Utilizing its strong connections with over 5,000 farmers and its own production facilities, the brand provides a variety of products, including raw dried fruits and nuts, trail mixes, foxnuts, and natural desserts, among others.

Akash Sharma, the co-founder of Farmley, stated, “At present, our products are available in over 5,000 retail stores. We plan to broaden our offline footprint to encompass 60,000-70,000 outlets. While the online channel currently makes up a significant portion of our business, as we expand, we anticipate the offline channels to account for 30-40% or possibly even 50% of our total business in the next 2-3 years.”
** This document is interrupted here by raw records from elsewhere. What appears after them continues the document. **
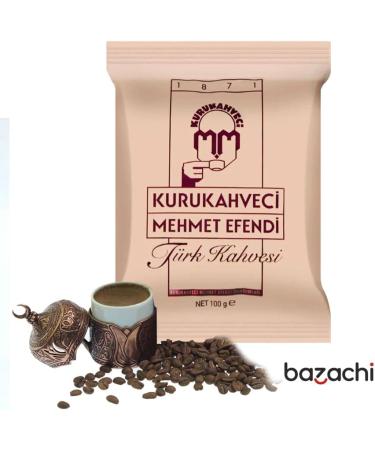 Mehmet Efendi Turkish Coffee - Medium Roast 100% Natural Grind for a True Turkish Delight (100g 2 Pack) - Buy Online on GoSupps.com
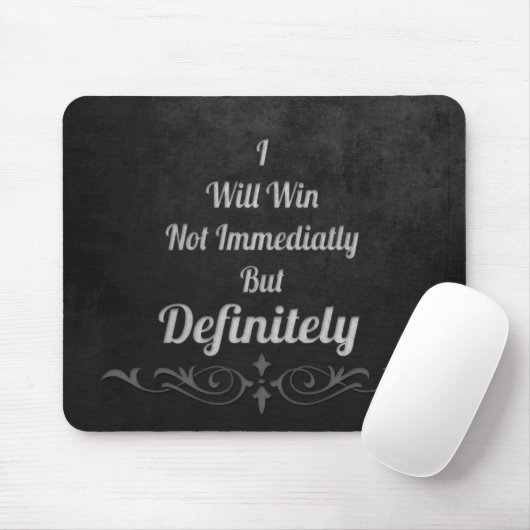 Ich werde gewinnen - Motivierend Mousepad (Mit Mouse)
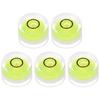 Round Bubble Level, 12x7.5mm, Mini Circular Bullseye Spirit Level for Leveling Camera Tripods, Telescopes, Workshops, Turntables, and Photo Fra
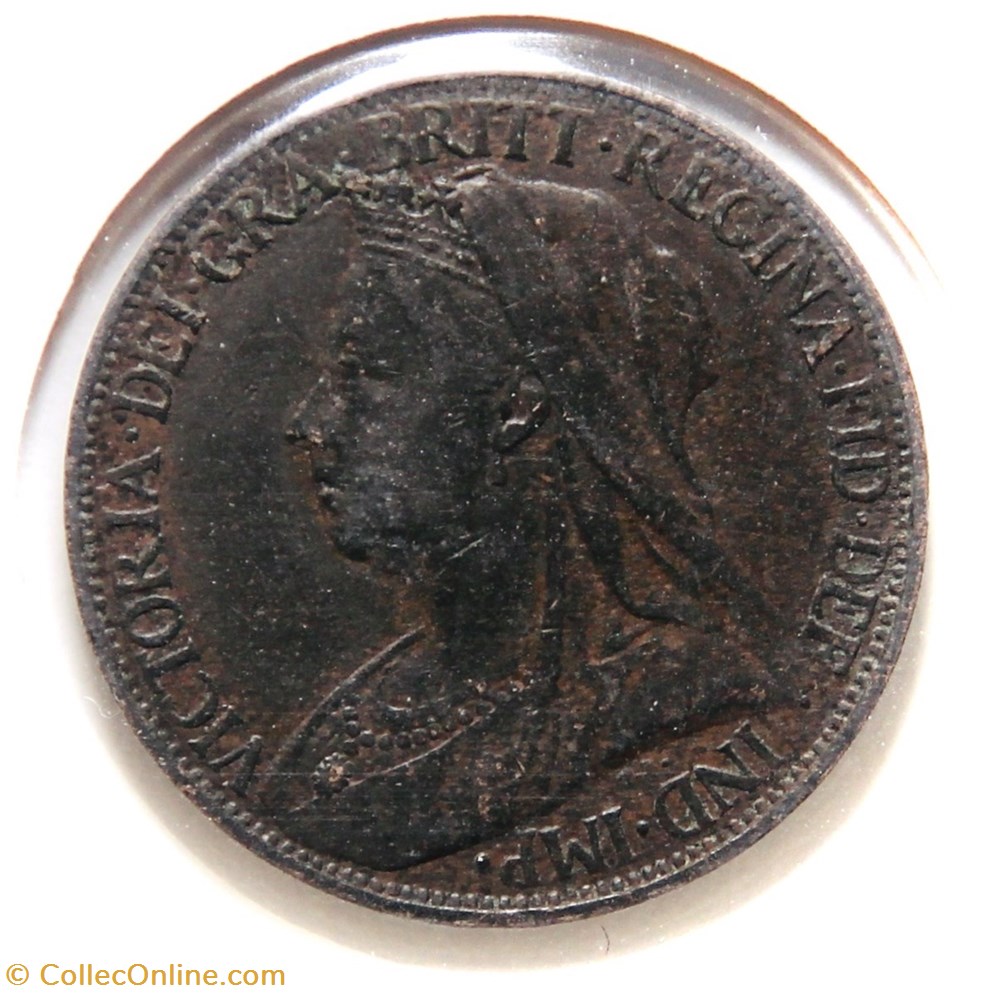 Victoria -1 Farthing 1896. monnaies monde royaume uni victoria 1 farthing 1896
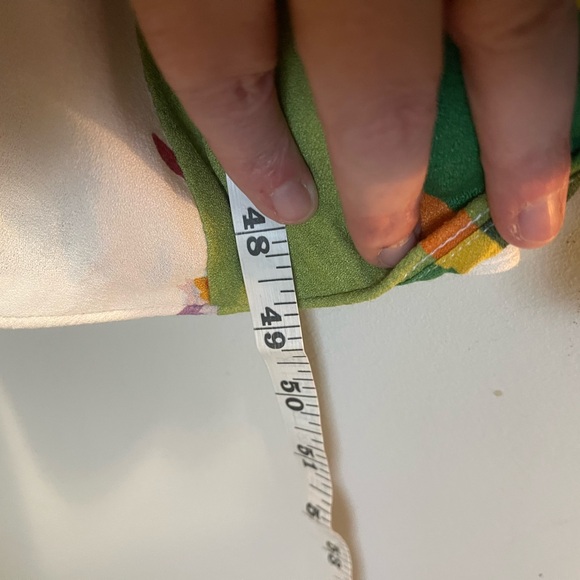 Farm Rio Tropical Print Midi Dress with Tie Shoulder Vacation Resort Bold - Picture 13 of 16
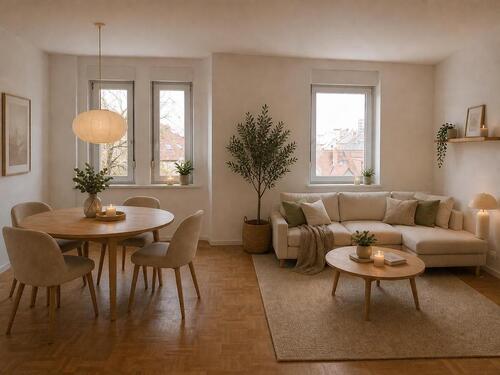 Foto - Stilvoll sanierte 2-Zimmer-Altbauwohnung in zentraler Lage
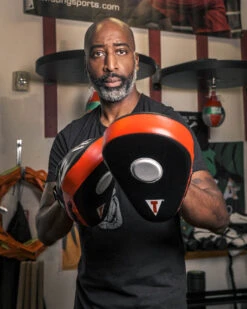 TITLE Boxing Incredi-Ball Leather Punch Mitts 2.0 -Title Boxing Store tipml2 bk rd 2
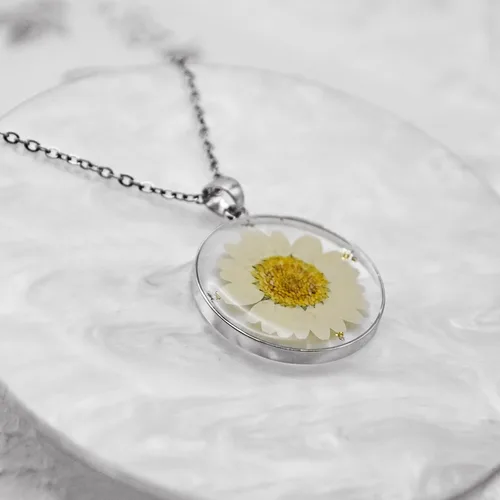 Miniatura 62 de Pressed Flower Necklace Gift for Women Personalized Handmade Necklaces Birth Flower Necklace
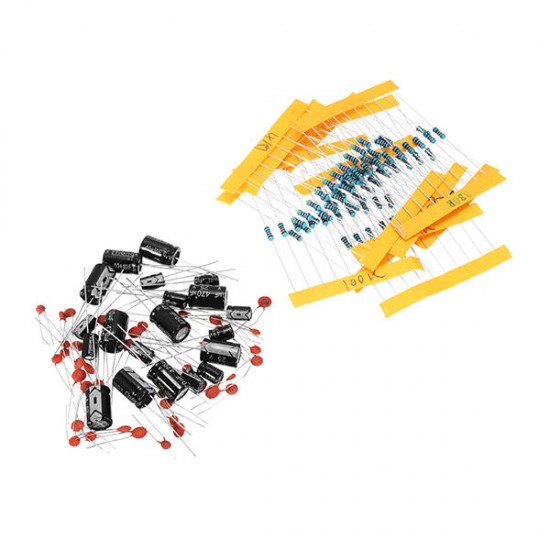 KS Starter Learning Set DIY Electronic Kit For Arduino Resistor / LED / Capacitor / Jumper Wires / Breadboard / Potentiometer / Buzzer / Switch / 40 Pin Header KS Starter Learning Set DIY Electronic Kit For Arduino Resistor / LED / Capacitor / Jumper Wires / Breadboard / Potentiometer / Buzzer / Switch / 40 Pin Header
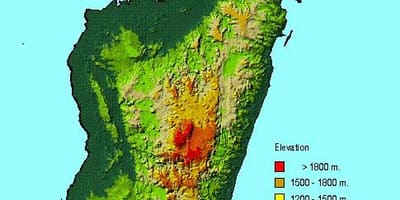 Kat jeyografik nan Madagascar jewografi
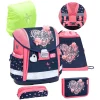 Belmil Schulranzen Classy Schulranzen Set 5-teilig Mit Brustgurt Beautiful Flowers 5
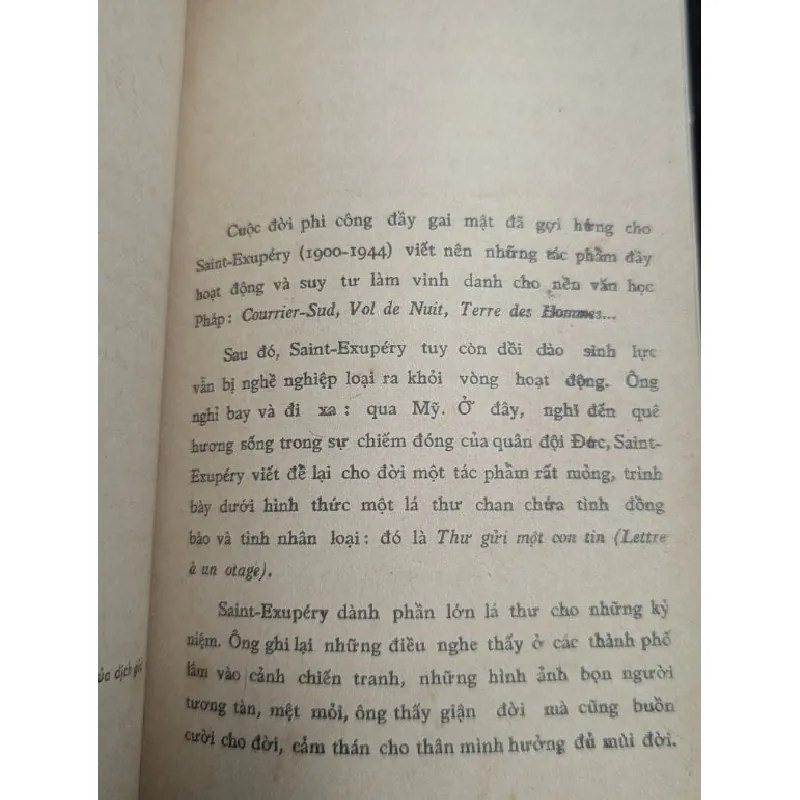 Thư gửi một con tin - Antoine De Saint Exupery 593635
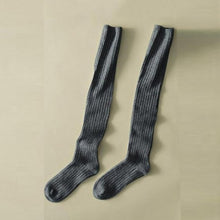 Load image into Gallery viewer, 1 Pair Women Girl Over Knee High Socks Spring Autumn Winter Warm Knit Soft Thigh High Long Socks solid color loose socks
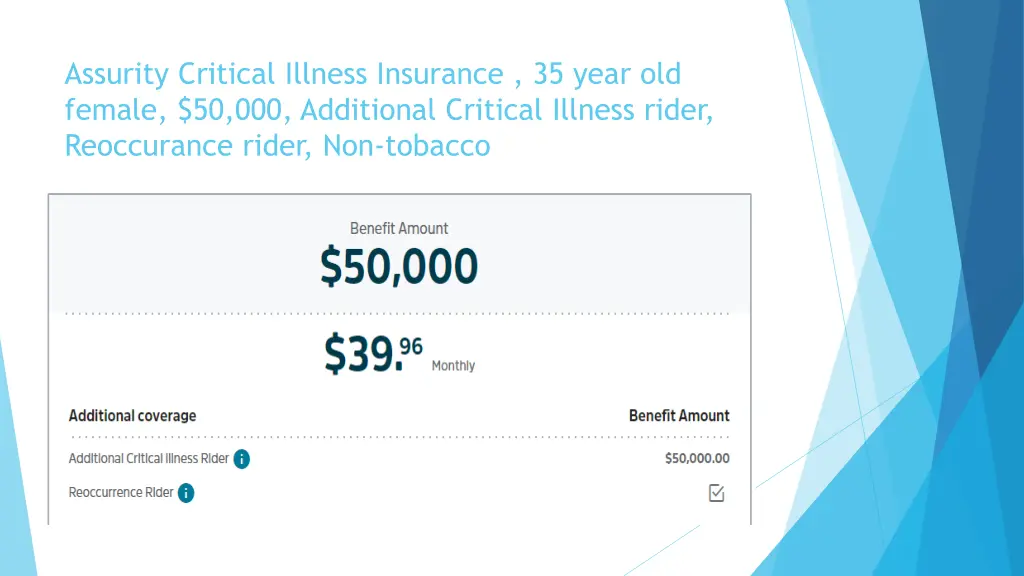 assurity critical illness insurance 35 year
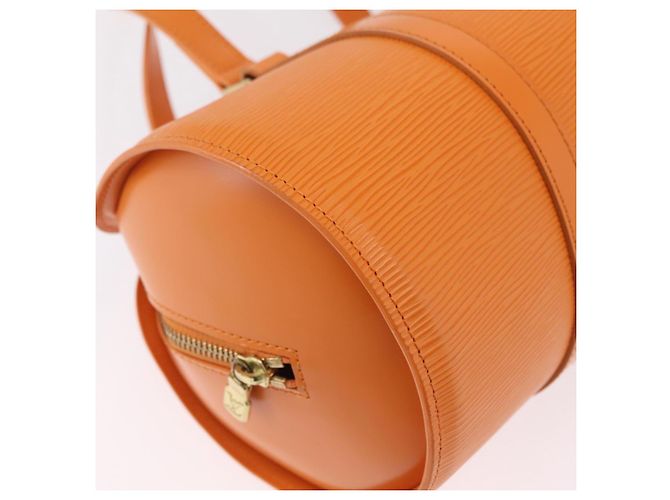 Borsa a mano LOUIS VUITTON Epi Soufflot Orange Mandarin M5222H LV Auth 203201V Arancione Grigio - vista 15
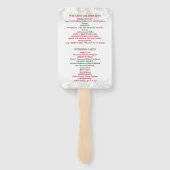 Waterverf Roze Gele Rozen, zwart wazig, Bruiloft Handwaaier (Achterkant)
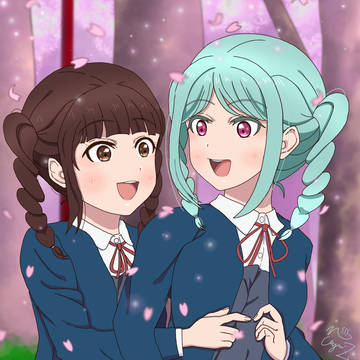 坂倉花さん寄せ書き企画イラスト🌸🪼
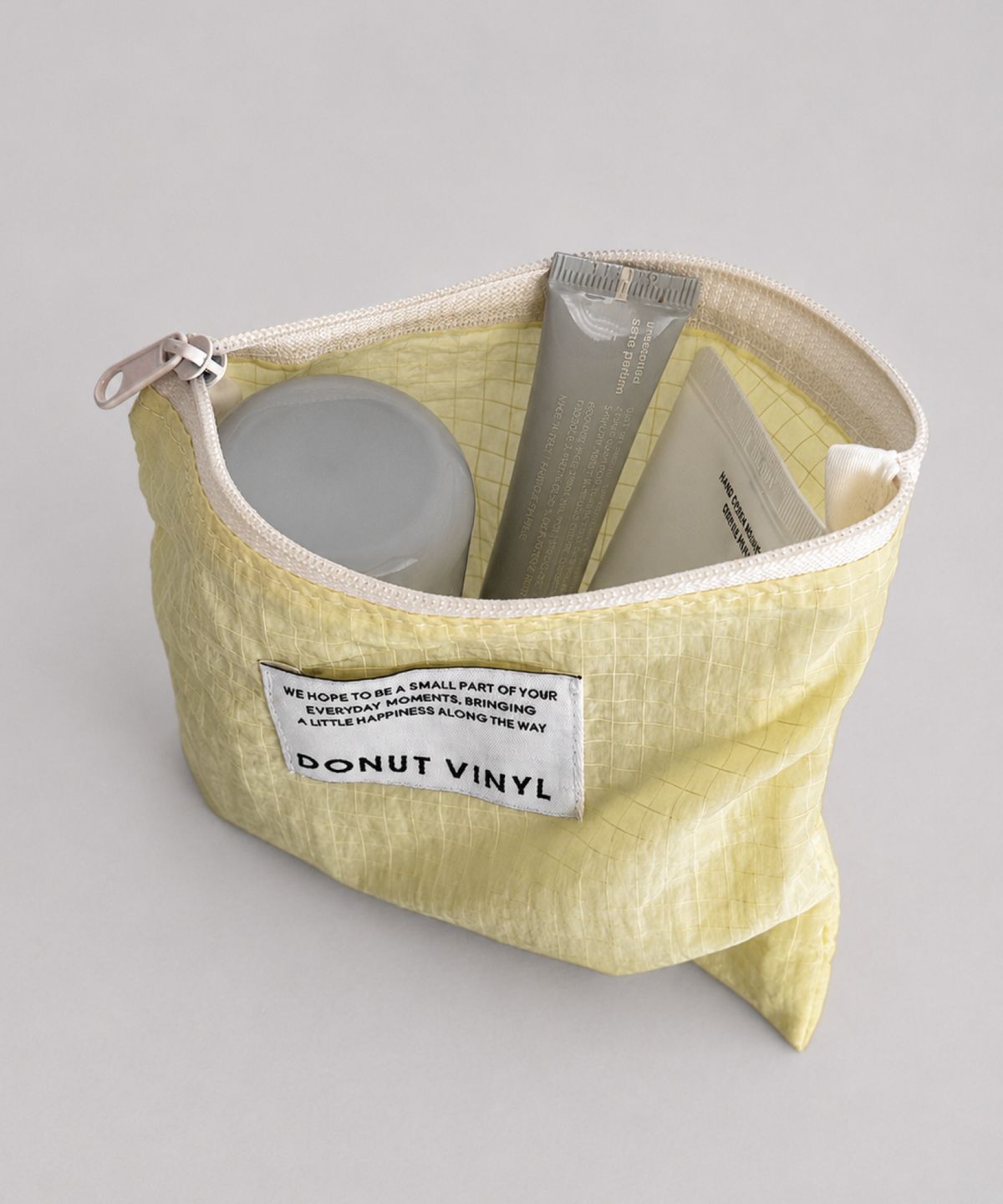 도넛바이닐샵(DONUTVINYLSHOP) gird square pouch (8colors)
In December, the brand secured $6.7 million in its pre-Series B funding round, with BC Jindal Group leading the investment. Existing investors DSG Consumer Partners, Omnivore, and Alkemi Partners also joined in this funding round.

Continue Exploring: Farmley raises $6.7 Million in a pre-Series B round led by BC Jindal Group

Sharma pointed out that Indian consumers are increasingly seeking guilt-free healthy snack options.

“We aim to provide delicious, satisfying, indulgent yet guilt-free snack choices. The recent funding infusion is enabling us to expand our reach and enhance our visibility,” he elaborated.

Last year, the brand enlisted Rahul Dravid as its brand ambassador.

Continue Exploring: Farmley joins forces with cricket legend Rahul Dravid as brand ambassador, reinforcing commitment to quality and authenticity

Discussing the brand’s growth, Sharma commented, “We are currently operating at an annualized run rate of INR 300 crore. We anticipate a growth of INR 60-70 percent in the next fiscal year. While we have experienced some profitable months, we project to achieve overall profitability by the following financial year.”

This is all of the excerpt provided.